Author: Christos Georgalis, Flannery Georgalis, LLC (chris@flannerygeorgalis.com)

Introduction

In an increasingly complex and regulated world, scrutiny from governmental agencies and regulators continues to rise. Every day, federal and state governmental agencies issue subpoenas or other investigative demands to companies of all shapes and sizes. Many companies overlook the significant impact these types of events can have on their business operations. If they are not prepared to respond, companies can be disappointed to discover, only after it is too late, that their insurance policies may not cover what are often expensive endeavors.

Have a Plan

  • Some of the most significant (and stressful) challenges companies face in responding to a governmental investigation is lack of advanced planning. To be prepared when served with a subpoena or other investigative demand, companies should have considered at least the following:
  • Which attorney or law firm they will contact. In many instances, investigations move very quickly, so it is critical to involve an experienced law firm immediately.
  • What data backup systems are in place. Companies should ensure that they have a data backup system in place so their organization can continue operating, even in the face of a subpoena or other investigative demand. Otherwise, companies can encounter lost data, time, and profits.
  • What insurance may be available. Failure to provide sufficient notice under applicable insurance policies may result in the denial of coverage, so it is important to engage coverage counsel early in the process to allow them to identify potential insurance coverage and prepare claims submissions. And, as discussed below, there are many insurance coverage issues that an organization should consider before filing a claim.

Know What You Have

After a plan of action is in place, an organization should turn to improving its protections. An important step is to review and assess whether certain governmental actions — especially those most likely to occur in the organization’s particular industry — will trigger insurance coverage under current policies. For instance, a broker-dealer firm must be prepared to receive demands from the Securities and Exchange Commission, Financial Industry Regulatory Authority, or even state regulators; while companies in the health care sector must be prepared to receive Civil Investigative Demands and HHS-OIG subpoenas, and respond to Medicaid audits.
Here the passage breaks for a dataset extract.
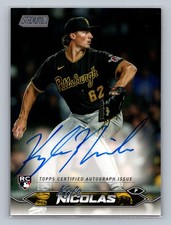 2024 Topps Stadium Club KYLE NICOLAS #SCBA-KNI NM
Many governmental investigations are initiated by issuance of a regulatory subpoena, civil investigative demand, grand jury subpoena, or target letter. When an organization receives one of these investigatory demands, a determination must be made as to whether the demand amounts to a “claim” under any applicable insurance policy. The definition of a “claim” is specific to each insurance policy and must be analyzed carefully to determine whether coverage exists. Oftentimes, for a claim to be valid, it must be made: (1) during the applicable policy period; (2) against an insured person or the insured organization; and (3) for wrongful acts.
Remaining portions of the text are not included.